TASK TO CARRY OUT | When you copy the listing, skip the images and return each line verbatim.

DATA SEGMENT |
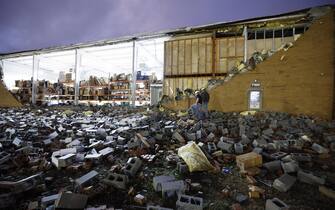 epa10402425 Workers assess tornado damage to the 18 Wheeler Truck Parts & Chrome warehouse following a tornado outbreak across multiple states in Austell, Georgia, USA, 12 January 2023.  EPA/ERIK S. LESSER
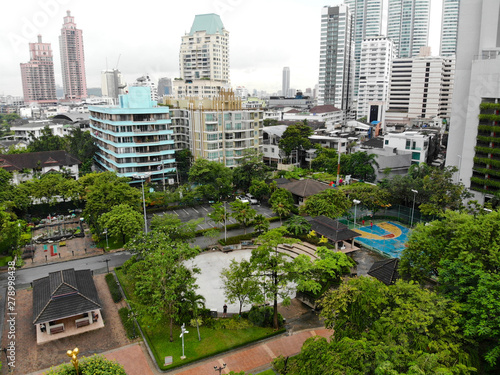 Aerial view Benchasiri Park next Sukhumvit street, Bangkok, Thailand. Aerial view of Bangkok Benchasiri Park with little lake and skyscraper on the background.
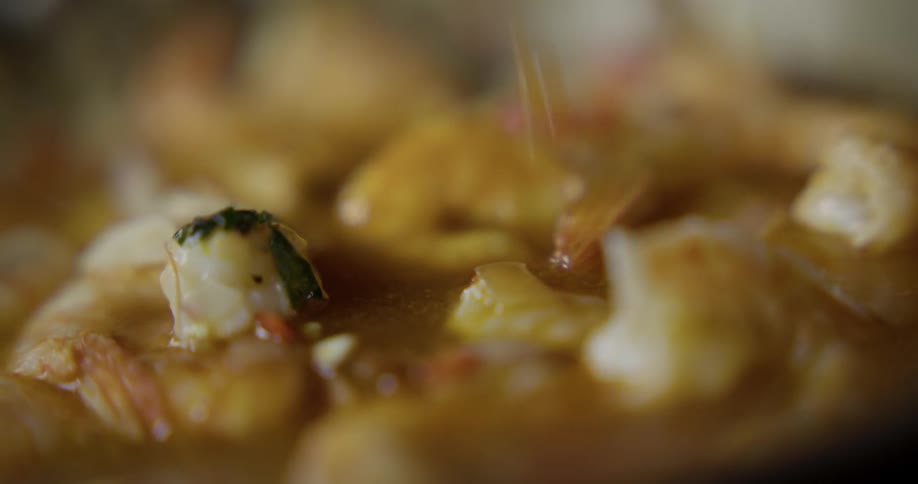 A sauce being poured on food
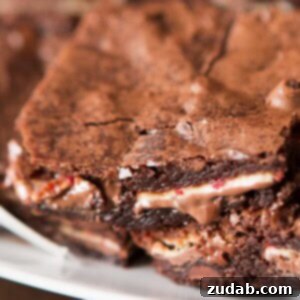 Candy Cane Crunch Brownies 3 Close-up of a sliced Ghirardelli Peppermint Bark Brownie, showing the melted peppermint layer inside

EXERCISE ANSWER |
 epa10402425 Workers assess tornado damage to the 18 Wheeler Truck Parts & Chrome warehouse following a tornado outbreak across multiple states in Austell, Georgia, USA, 12 January 2023.  EPA/ERIK S. LESSER
 Aerial view Benchasiri Park next Sukhumvit street, Bangkok, Thailand. Aerial view of Bangkok Benchasiri Park with little lake and skyscraper on the background.
 A sauce being poured on food
 Candy Cane Crunch Brownies 3 Close-up of a sliced Ghirardelli Peppermint Bark Brownie, showing the melted peppermint layer inside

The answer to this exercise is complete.